"My sons," said Joel to us, looking towards the bay of Morbihan, "your brother Albinik advances to the fight on the water as we begin the fight on land. See—our fleet has met the Roman galleys."
Mikael and I looked in the direction the brenn was pointing, and saw our ships with their heavy leathern sails, bent on iron chains, grappling with the galleys. The brenn spoke true. The battle was joined on land and sea simultaneously. On that double combat depended the freedom or slavery of Gaul. But as I turned my attention from the two fleets back to our own army, I was struck to the heart with a sinister omen. The Gallic troops, ordinarily such chatterers, so gay in the hour of battle that from their ranks rise continually playful provocations to the enemy, or jests upon the dangers of war, were now sober and silent, resolved to win or die.
The signal for battle was given. The cymbals of the bards spoke back to the Roman clarions. The Chief of the Hundred Valleys, dismounting from his horse, put himself some paces ahead of the line of battle. Several druids and bards took up their station on either side of him. He brandished his sword and started on a run down the steep hill-side. The druids and bards kept even pace with him, striking as they went upon their golden harps. At that signal, our whole army precipitated itself upon the enemy, who, now across the river, were re-forming their cohorts.

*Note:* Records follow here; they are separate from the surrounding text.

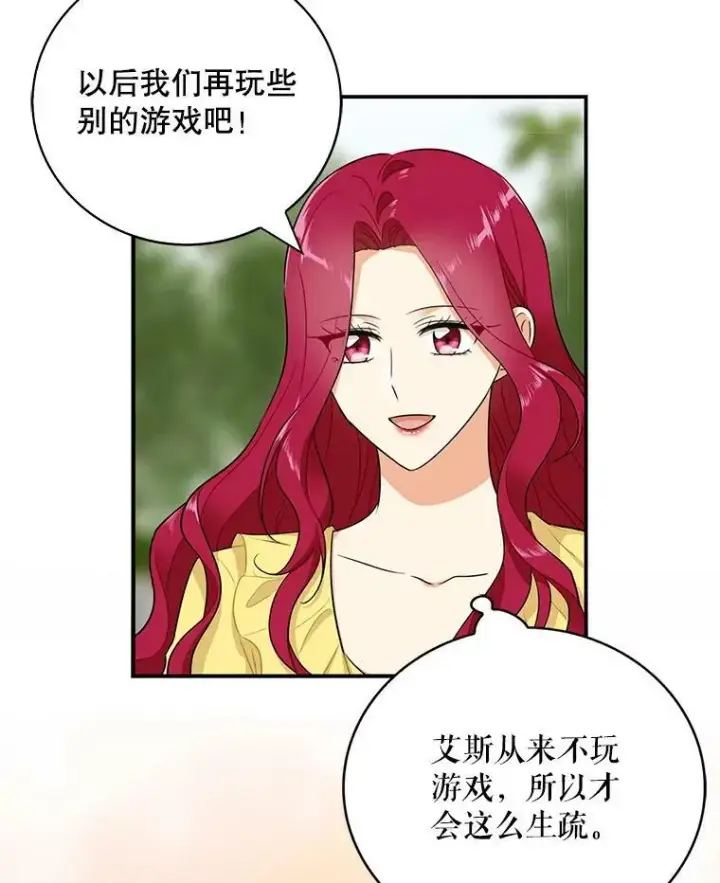 漫画《反派的继母》17.一起玩吧！第62张图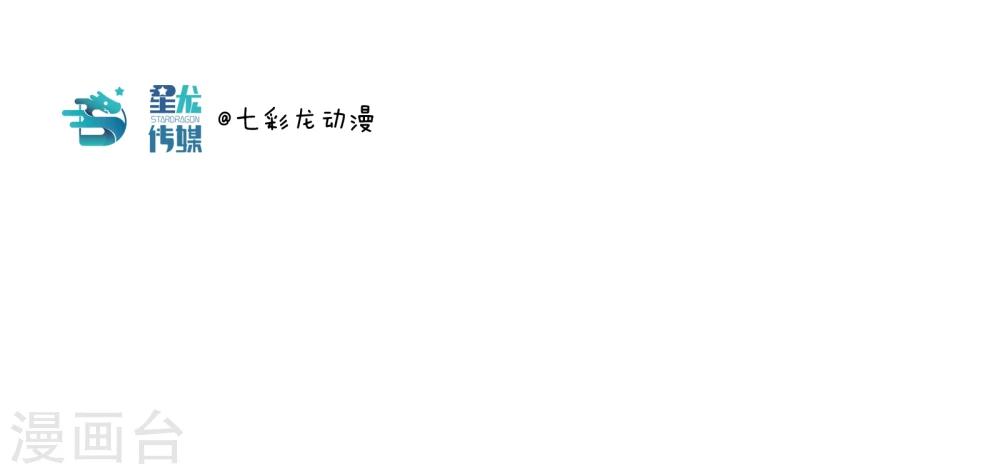 第5话 “老朋友”12
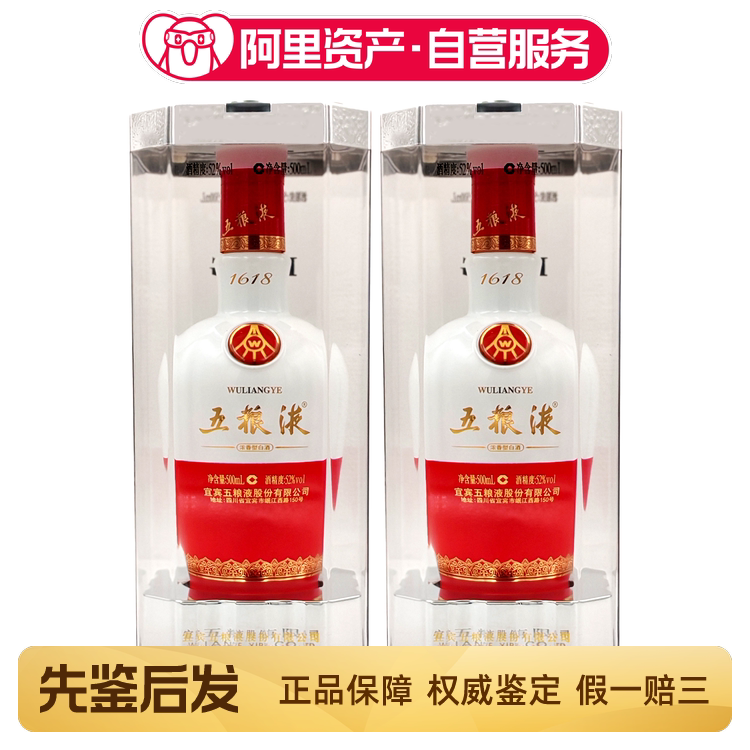 <中国酒> 茅台酒、五粮液 fd0c6620d5a849d0a51a7da9faaf05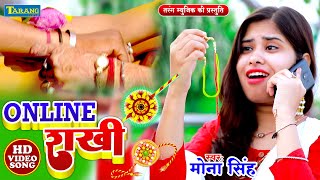 #rakshabandhan #video - Online राखी | Mona Singh, Chandan Yadav Rakshabandhan Song | Rakhi Geet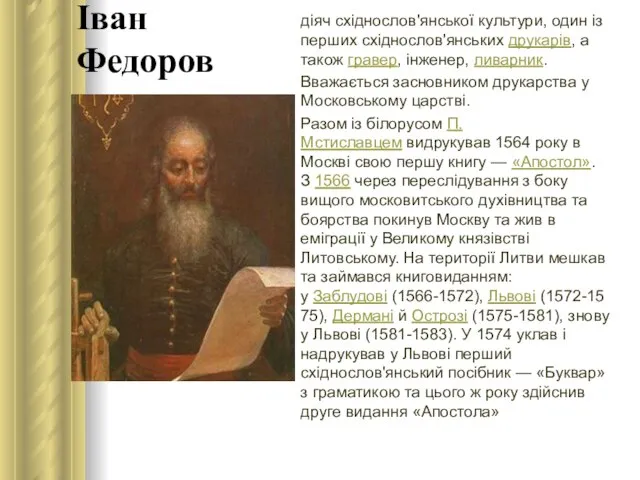Іван Федоров діяч східнослов'янської культури, один із перших східнослов'янських друкарів, а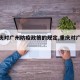【重庆对广州防疫政策的规定,重庆对广州城】
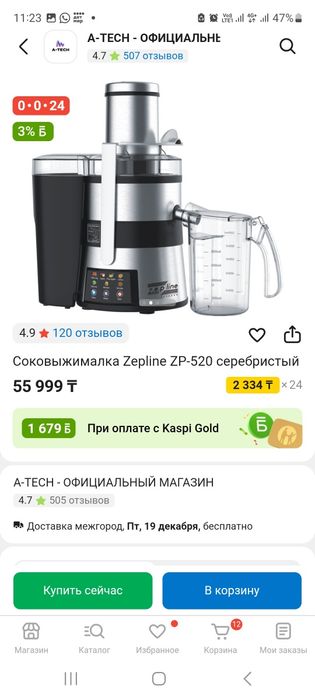 Соковыжималка 300вт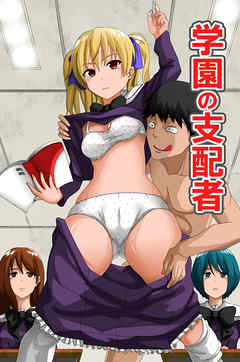学園の支配者(フルカラーコミック)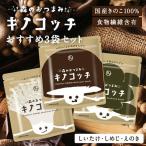 キノコッチ (きのこチップス) 3点セット 森のおつまみ ヘルシーおやつシリーズ  スナック菓子 野菜チップス しめじ 舞茸 エリンギ えのき 椎茸 しいたけ ギフト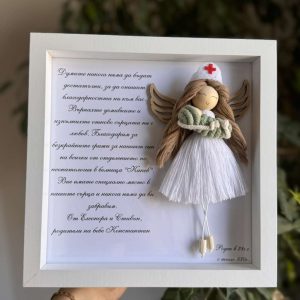 Подарък за лекар/болница/гинеколог/израждащ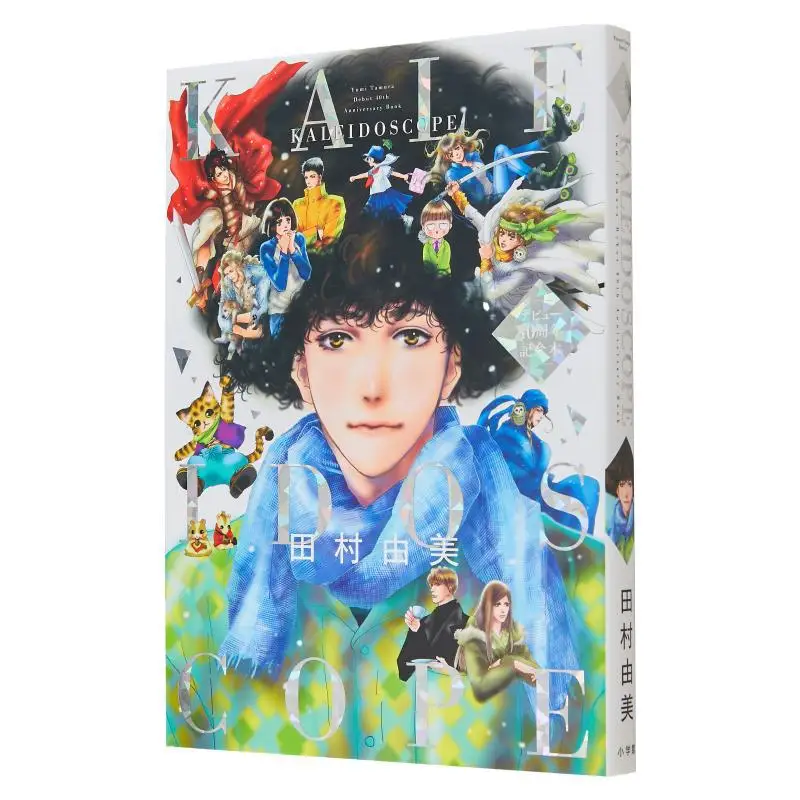 

Книга Yumi Tamura'S Debut 40-летие KALEIDOSCOPE Yumi Tamura Shog Valm 9784091794246 Книга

The Mahrek-Ha-Droad, cavalry and footmen, of the tribes near that of Karnak, which my father commanded, darted down the slope with the rest of the army. Mikael, holding his axe in his right hand, was, during this impetuous descent, almost continually suspended from the mane of my horse, which he had seized with his left. At the foot of the slope, that troop of the Romans called the Iron Legion, because of their heavy armor, formed in a wedge. Immovable as a wall of steel, bristling with spears, it made ready to receive our charge on the points of its lances. I carried, in common with all the Gallic horsemen, a saber at my left side, an axe at my right, and in my hand a heavy staff capped with iron. For helmet I had a bonnet of fur, for breastplate a jacket of boar-hide, and strips of leather were wrapped around my legs where the breeches did not cover them. Mikael was armed with a tipped staff and a saber, and carried a light shield on his left arm.

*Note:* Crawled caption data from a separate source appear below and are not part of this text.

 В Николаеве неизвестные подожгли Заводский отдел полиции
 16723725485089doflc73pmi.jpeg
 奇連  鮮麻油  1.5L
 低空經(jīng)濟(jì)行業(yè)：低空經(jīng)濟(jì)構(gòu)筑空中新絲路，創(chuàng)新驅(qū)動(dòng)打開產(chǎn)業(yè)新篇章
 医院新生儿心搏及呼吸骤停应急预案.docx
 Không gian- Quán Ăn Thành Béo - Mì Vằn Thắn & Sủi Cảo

"Leap on the crupper!" I cried to my brother at the moment when the horses, now no longer under control, arrived at full gallop on the lances of the Iron Legion. Immediately we arrived within range we hurled our iron capped staffs full at the heads of the Romans with all our might. My staff struck hard and square on the helmet of a legionary, who, falling backward, dragged down with him the soldier behind. Through this gap my horse plunged into the thickest of the legion. Others followed me. In the melee the fight grew sharp. Mikael, always at my side, leaped sometimes, in order to deliver a blow from a greater height, to my horse's crupper, other times he made of the animal a rampart. He fought valorously. Once I was half unhorsed. Mikael protected me with his weapon till I regained my seat. The other foot-soldiers of the Mahrek-Ha-Droad fought in the same manner, each one beside his own horseman.

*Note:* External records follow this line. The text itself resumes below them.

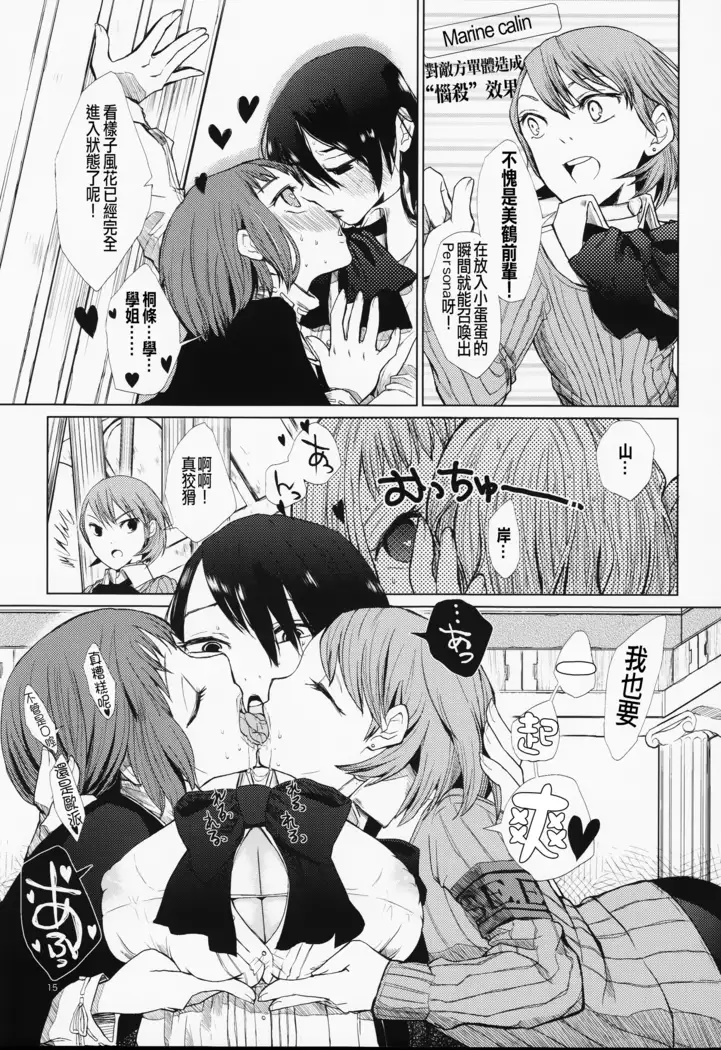 YURI SONA -Ougon no Ya-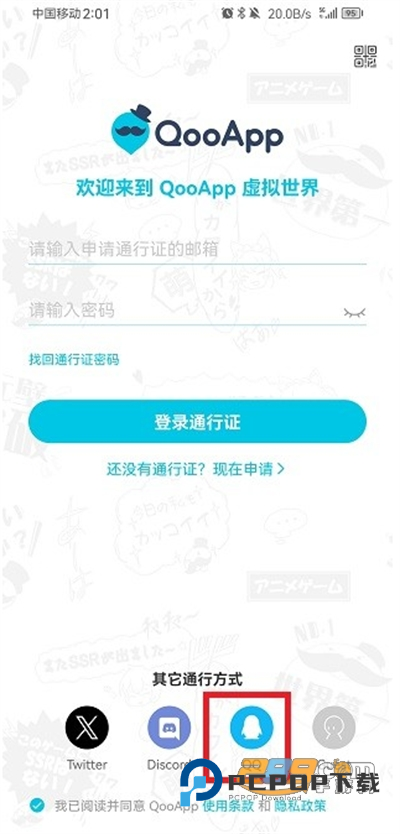 qooApp官方版2024下载 qooApp官方版2024下载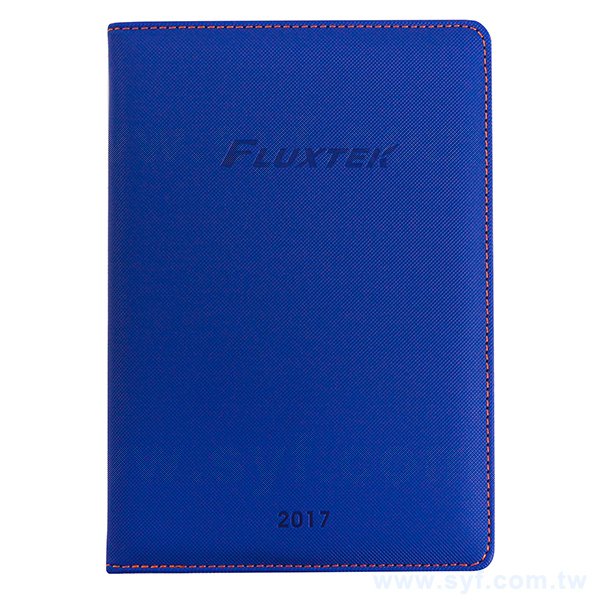 25K精裝工商日誌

"Brother, you are wounded," I said to Mikael. "See, your blouse is red."
"You too, brother," he responded. "Look at your bloody breeches."
And, in truth, in the heat of combat, we do not feel these wounds.
My father, chief of the Mahrek-Ha-Droad, was not accompanied by a foot-soldier. Twice we joined him in the midst of the fight. His arm, strong for all his age, struck incessantly. His heavy axe resounded on the iron armors like a hammer on the anvil. His stallion Tom-Bras bit furiously all the Romans within reach. One of them he almost lifted off the ground in his rearing. He held the man by the nape of the neck, and the blood was spurting. When the tide of the combat again carried Mikael and myself near our father, he was wounded. I overcame one of the brenn's assailants by trampling him under my horse's feet; then we were again separated from my father. Mikael and myself knew nothing of the other movements of the battle. Engaged in the conflict before us, we had no other thought than to tumble the Iron Legion into the river. To that end we struggled hard. Already our horses were stumbling over corpses as if in a quagmire. We heard, not far off, the piercing voices of the bards; their voices were heard over the tumult.
"Victory to Gaul!—Liberty! Liberty! Another blow with the axe! Another effort! Strike, strike, ye Gauls.—And the Roman is vanquished.—And Gaul delivered. Liberty! Liberty! Strike the Roman hard! Strike harder!—Strike, ye Gauls!"